▸ WHAT IS NEEDED
Before you return the lines below, strip out any images and keep every word as written.

▸ DATA BLOCK

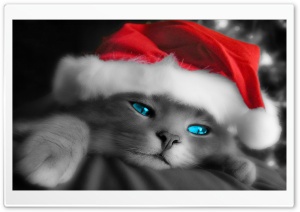 Kitten waits for Christmas Ultra HD Wallpaper for 4K UHD Widescreen desktop, tablet & smartphone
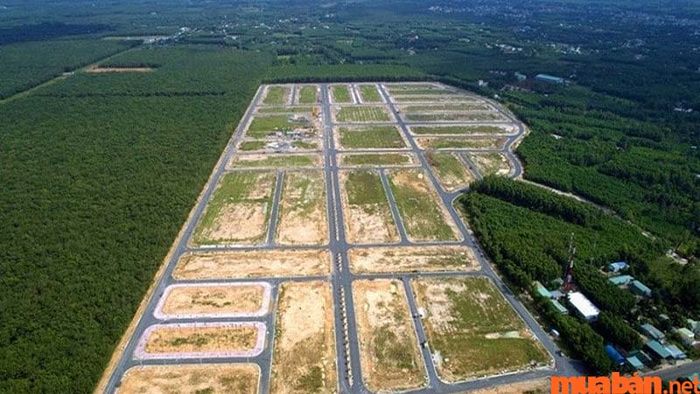 Đất nền là gì? Đất nền là loại đất đã được phân lô và chưa có công trình xây dựng.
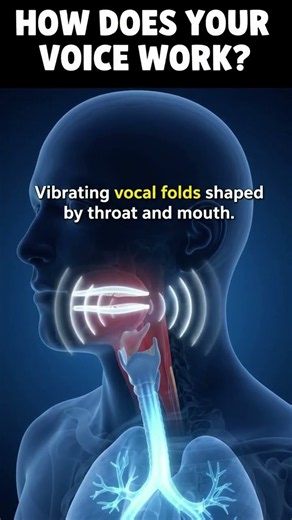 How Does Your Voice Work? Vocal Cords, Sound Waves, Pitch and Speech Explained in Physics!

▸ RESPONSE TO THIS TASK
 Kitten waits for Christmas Ultra HD Wallpaper for 4K UHD Widescreen desktop, tablet & smartphone
 Đất nền là gì? Đất nền là loại đất đã được phân lô và chưa có công trình xây dựng.
 How Does Your Voice Work? Vocal Cords, Sound Waves, Pitch and Speech Explained in Physics!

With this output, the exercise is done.